3) Gluten free diets causes weight loss:
Gluten free diets are not “diets”. They are not used for weight loss. They are normally used for symptom relief. If you are simply exchanging all your packaged foods that you consume for gluten free packaged foods it is very unlikely that you will see any weight loss results.
4) Gluten free foods are better for you:
Here is the biggest misconception about gluten. If you check out your local grocery store “health food” isle you will find many different boxed and bagged products highlighting that they are gluten free. This is great for people who are sensitive to gluten who want to eat specific boxed foods they have been missing but these shouldn’t be in your regular diet.
Gluten free does not equal healthy.
In fact many gluten free foods are on par in terms of calories, sugar and fat with their non-gluten free counterparts. For example one boxed Glutino Gluten Free Chocolate Vanilla Creme Cookie contains 5.5g of sugar, 2.5g of fat and 60 calories (and who is only going to eat one?). It is the size of one Oreo which contains 4.6g of sugar, 2.3g of fat and 53 calories.
I want to be very clear that I don’t believe all sugar, fat and calories are bad. I simply want to make it clear that gluten free boxed and package foods does not necessary equal a healthier option.
If you have a severe sensitivity to gluten and want an Oreo this would be the only scenario where this would be a great idea. There are hundreds of more nutrient dense dessert and treat recipes that contain no gluten but also contain fiber, naturally derived sugars, vitamins, minerals and less processing.
If you are gluten free and want a cookie substitute I recommend these natural, whole food ingredient recipes instead:
- Deep Dish Peanut Butter Chocolate Chip Cookies
- Vegan Chocolate Chip Cookies
- Ginger Snap Cookies
- Healthy Sugar Cookies
Choosing whole, natural, organic foods such as fruits and vegetables, quinoa, sweet potatoes, lean proteins that happen to also be gluten free are always the optimal options.
5) One day gluten is going to destroy us all:
Gluten will not destroy us all. Gluten will however sneak up on you.
It is found in some very random and sneaky places where you won’t expect to see it.
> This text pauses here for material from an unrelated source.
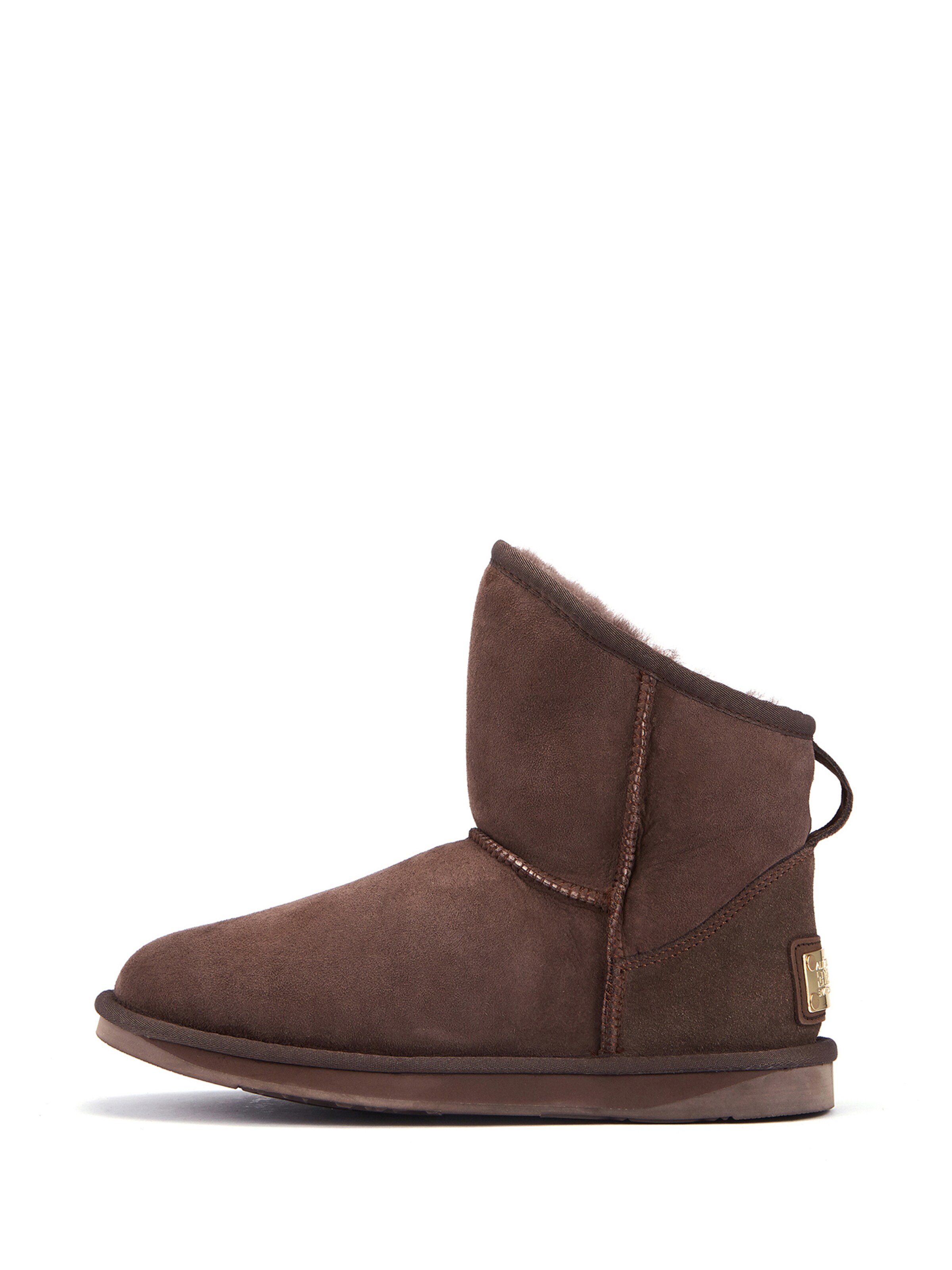 Australia Luxe Collective Bootie ' COSY XTRA SHORT ' in Brown: front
Some places where gluten can be found that you might not be aware of are:
- Hydrolyzed vegetable protein
- Modified food starch
- Natural flavourings
- Artificial flavorings
- Anything labeled an extract
- Vanilla flavoring
- Malt flavoring
If you are extremely sensitive to gluten and have found out that you are via an elimination/challenge diet make sure to avoid the products listed above.
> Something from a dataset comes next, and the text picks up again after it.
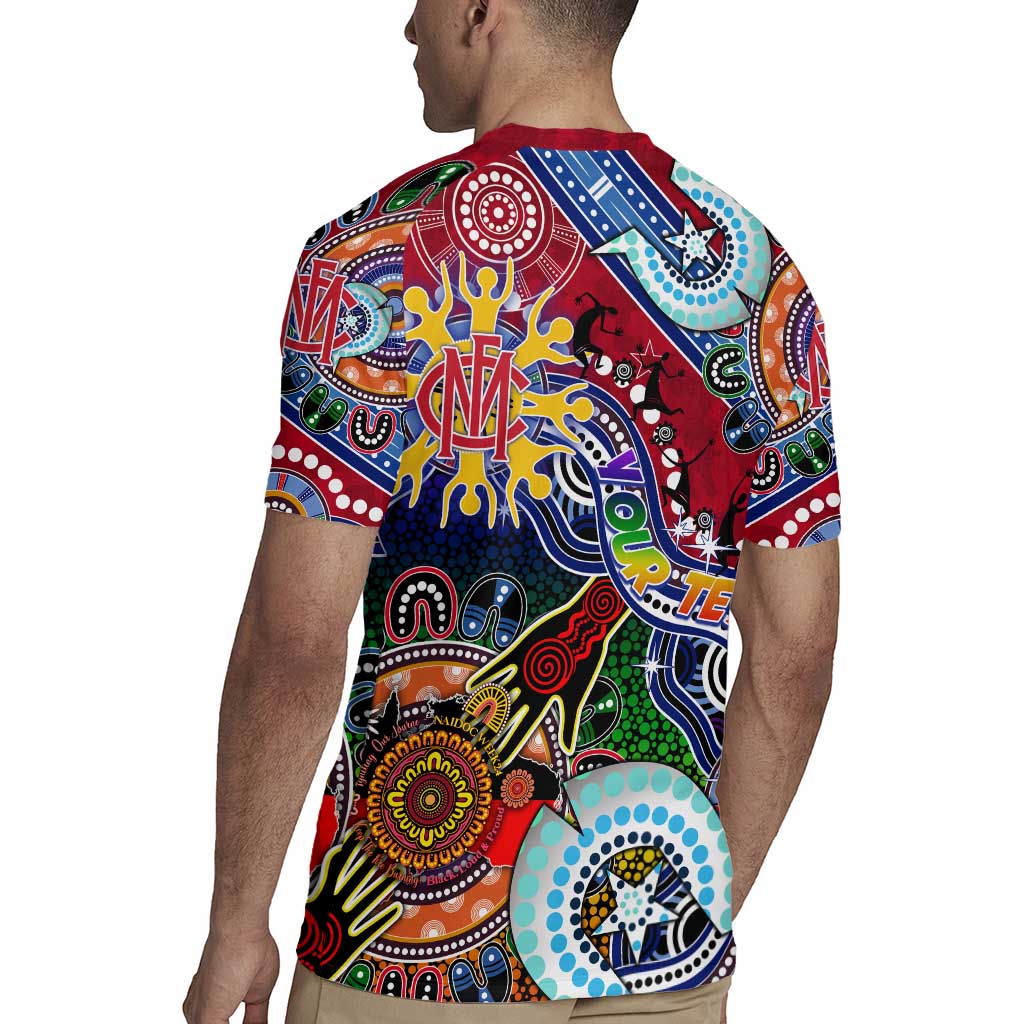 Custom NAIDOC Week 2024 Melbourne Demons Rugby Jersey Australia Aboriginal Dot Painting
Should I Begin a Gluten Free Diet?
If you are suffering from digestive concerns such as bloating, diarrhea, constipation, cramps or excess gas (or other non-digestive concerns that are persistent and non-responsive to treatment including acne, joint paint, headaches, etc) a trial of gluten avoidance could be extremely beneficial for you.
For severe digestive concerns, any of the outlined symptoms above or if Celiac Disease runs in your family it is always wise to see your Naturaopathic or Medical Physician to rule out Celiac Disease first.
I recommend a Naturopath guided elimination/challenge diet or food sensitivity lab testing as the optimal way to rule out gluten intolerance.